1 E aconteceu que quando Jesus acabou de dar estas instruções aos seus doze discípulos, passou dali a ensinar e a pregar nas cidades deles.
2 Como João, estando no cárcere, tivesse ouvido as obras de Cristo, enviando dois de seus discípulos.
3 Lhe fez esta pergunta: Tu és o que hás de vir, ou é outro o que esperamos?
5 Os cegos vêem, os coxos andam e os leprosos limpam-se, os mortos ressurgem, aos pobres anuncia-se-lhes o Evangelho.
O Precursor termina aqui sua missão. Com sua enérgica pregação, avisara o povo de que já estava encarnado aquele que lhe ensinaria o caminho reto, que conduz ao reino de Deus.
João dera testemunho de Jesus à multidão que o tinha procurado no deserto. Agora que os homens tinham presenciado as ações nobres de Jesus e lhe tinham ouvido a palavra da Vida Eterna, mais fácil seria a João confirmar a vinda do Enviado. E manda que dois discípulos seus interroguem Jesus perante testemunhas. A resposta de Jesus é clara e positiva; não responde: eu o sou; mostra-lhes simplesmente as obras generosas que vinha realizando, como a dizer-lhes: julgai-me pelas minhas obras.
Do mesmo modo serão reconhecidos os verdadeiros seguidores de Jesus: pelas suas obras. Ao discípulo, não serão as palavras que afirmarão sua qualidade de praticante do Evangelho; suas obras é que deverão testemunhar isso. Como Jesus, o discípulo sincero não deixa atrás de si uma longa esteira de palavras sonoras, porém vagas. Deixa, sim, uma semeadura substancial de amor cristão, à qual consagrou •o espírito bem formado.
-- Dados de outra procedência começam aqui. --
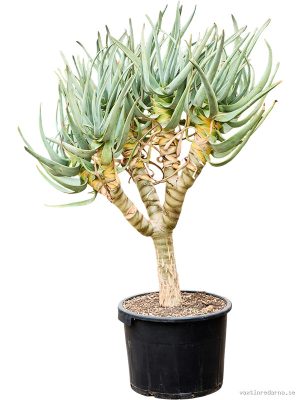 Aloe dichotoma - Vaxtinredarna.se
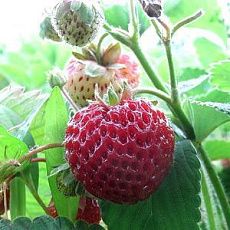 Фрагария Raspberry strawberry 1 шт.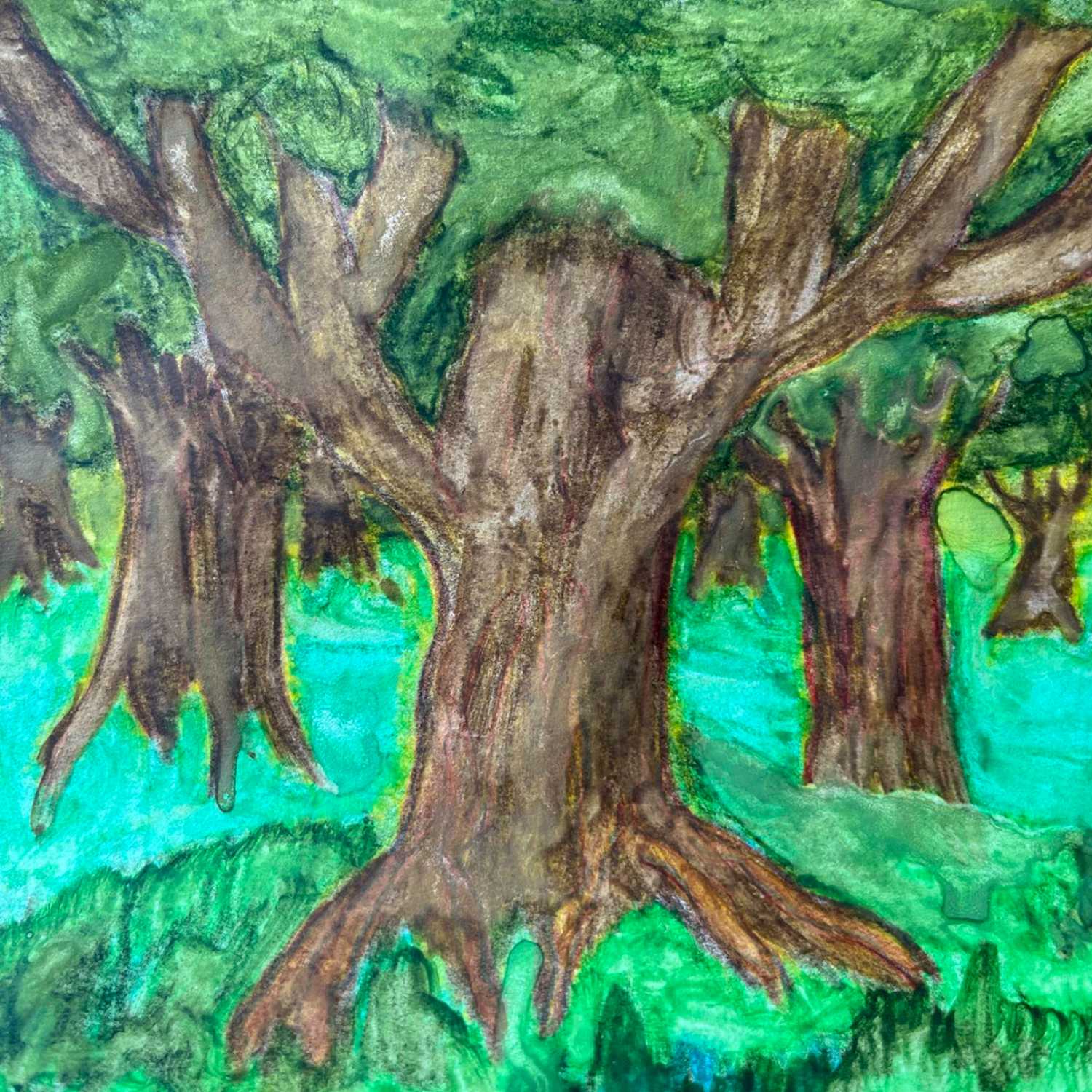 The Grandmother Stories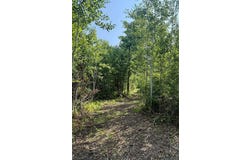 4 County Road T, Danbury, WI 54830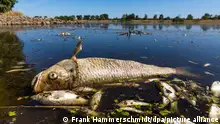 Ein verendeter Döbel und andere tote Fische schwimmen in der Oder bei Brieskow-Finkenheerd. In der Oder ist es zu einem massiven Fischsterben gekommen. Behörden in Brandenburg warnen davor, das Flusswasser zu nutzen oder in Kontakt damit zu kommen. +++ dpa-Bildfunk +++
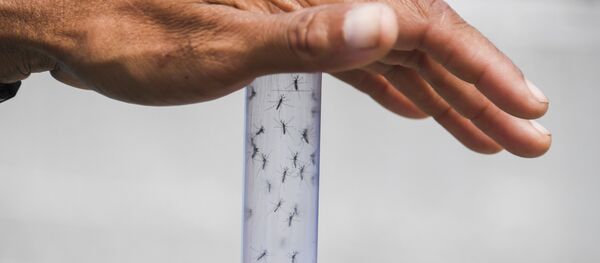 Zika virüsü beyin kanserinin tedavisinde kullanılabilir - Sputnik Türkiye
Os cegos vêem, significa que a luz espiritual foi trazida à terra. Os coxos andam, significa que foi ensinado à humanidade como caminhar para o reino de Deus. Os leprosos limpam-se, significa que os que aceitassem o Evangelho purificariam suas almas. Os surdos ouvem, significa que a palavra divina estava sendo pregada aos que nunca a tinham ouvido. Os mortos ressurgem, significa que a imortalidade da alma estava sendo revelada aos homens. Aos pobres anuncia-se-lhes o Evangelho, significa que a verdadeira riqueza são os bens espirituais que Jesus ensinava como podiam ser adquiridos. E a humanidade, antes do advento de Jesus, jazia em grande pobreza espiritual. A riqueza material não se conta por ser transitória, aqui ficando quando o espírito desencarnar. Na pátria espiritual julga-se a riqueza de uma alma pelo seu maior ou menor grau de espiritualidade que conquistou na terra.
6 E bem-aventurado aquele que rido for escandalizado em mim.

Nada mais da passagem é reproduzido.